Onboarding Best Practices to Mitigate Insider Threats
Proper onboarding best practices to mitigate insider threats include training to educate employees and reduce the likelihood of insider threats from day one. When quizzed, employees only provide correct answers to 78% of cybersecurity questions. This disappointing level of awareness places companies at significant risk for breaches resulting from ignorance and errors.
Dangers of Deficient Onboarding
A significant number of companies fail to provide sufficient onboarding experiences for their employees. Thirty-eight percent of IT professionals report a wait period of two to four days before employees receive the access credentials required to do their jobs. In 27% of companies, employees go without access for more than a week.
Companies face one of two problems during this time:
• Employees do little or no work, resulting in lost productivity and profits
• Well-meaning colleagues share credentials, which may allow access beyond the scope of new employees’ roles
Credential sharing is just one consequence of insufficient cybersecurity education during onboarding. Employees and contractors are responsible for 48% of all business data breaches, and a great many incidents can be attributed to user ignorance. Unless cybersecurity training is an integral part of the onboarding process, employees use the systems without the ability to understand, identify and avoid security risks. In addition to leaving networks vulnerable to hackers, employee ignorance may also lead to compliance issues, which can be costly from both a legal and financial standpoint.
Determining and Enforcing Access Needs
Improper provisioning can either prevent employees from accessing essential tools and data or provide a level of access inappropriate for a particular role. To prevent bottlenecks and minimize risk, companies need to map out the access requirements for each role and establish identity and access management (IAM) policies to protect sensitive data.
Because privileged accounts can be particularly difficult to manage, businesses with large amounts of sensitive information may require tools to support zero-trust protocols. In a zero-trust environment, user identities are validated by numerous factors beyond basic role-based provisioning. Companies lacking the agility to implement granular access policies face the challenge of manually monitoring accounts, adjusting privileges and deprovisioning departing users.
A combination of detailed IAM policies and reliable access control tools makes it possible to provide employees with first-day access, thus reducing losses associated with decreased productivity. Automating the deprovisioning process ensures proper revocation of access rights and prevents employees from accessing resources they no longer need or logging in after tenure with the company has ended.
Conducting Security Training
Cybersecurity education must be an integral part of onboarding. Handing employees a guide to company security policies and assuming they’ll read and understand all the information provides little or no protection against insider threats. New hires are already overwhelmed with forms and other paperwork; another packet is likely to be given a cursory glance before getting filed, thrown away or forgotten.
IT teams and cybersecurity experts have the expertise to craft onboarding programs with a focus on employee education and can guide executives in proper IAM protocol implementation and enforcement. Employee instruction should include:
• How to recognize and report phishing attempts
• Adhering to a clean desk policy
• Proper password storage and management
• How to report security incidents and breach attempts
Employees should also be informed of additional security measures, such as monitoring and the use of artificial intelligence and machine learning. While these tools are often necessary to prevent breaches, they can also have an impact on employee privacy and must be executed with discernment.
Implementing Strict Rules for Software Use
The pursuit of convenience presents an additional cybersecurity challenge in business environments. Delays in software implementation can leave teams struggling to be productive with a suite of siloed legacy applications. Employees, especially those in younger generations, are used to seamless experiences when interacting with technology. The resulting frustration leads chief information officers to bypass IT teams in purchasing decisions up to 90% of the time.
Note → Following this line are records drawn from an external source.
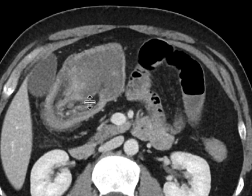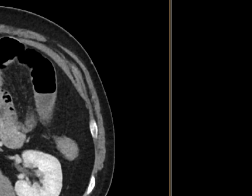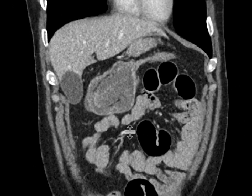In this instance, you can see there is a mass really at the tip of this intussusception serving as a lead point. It's hypodense in its attenuation. This was resected, and it turned out to be a mucinous adenocarcinoma.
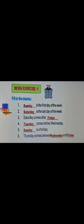Saturday comes after Dash — Saturday comes after Friday. Dash comes before Wednesday — it is Tuesday. Dash is the holiday — it is Sunday. Thursday comes between Dash and Dash. Sunday, Monday, Tuesday, Wednesday, Thursday and Friday — so Thursday comes between Wednesday and Friday.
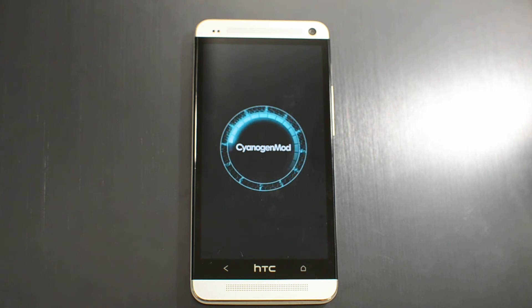The first boot will take longer. After you restart it a few times, it will be a lot faster.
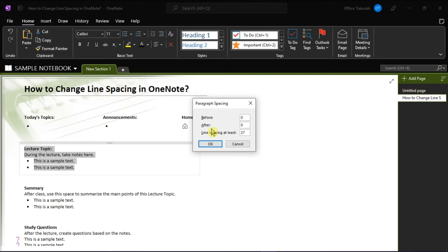Then, you can also change the before and after values in the Paragraph Spacing window. Now, once you're done, select OK to save the changes.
Because these programs aren’t made subject to company IAM policies, such aggressive use of “shadow IT” puts company data at risk. An estimated one-third of successful cyberattacks will be launched on shadow IT programs by 2020. Of companies experiencing attacks, 60% go out of business within six months. Therefore, it’s imperative for IT teams to choose and implement user-friendly access management solutions and update tools as needed to support integrations and streamlined employee experiences. Employees must be made aware of the dangers of shadow IT and instructed in proper procedures for application approval prior to use.
Starting employees off with a solid understanding of security procedures and enforcing strong IAM policies supports accountability and minimizes breach threats. IT teams must work with executives, HR and other key players within businesses to design and implement frictionless IAM using data and feedback from real-world use cases. Additional monitoring services and routine vulnerability assessments provide support to create robust, reliable cybersecurity protocols.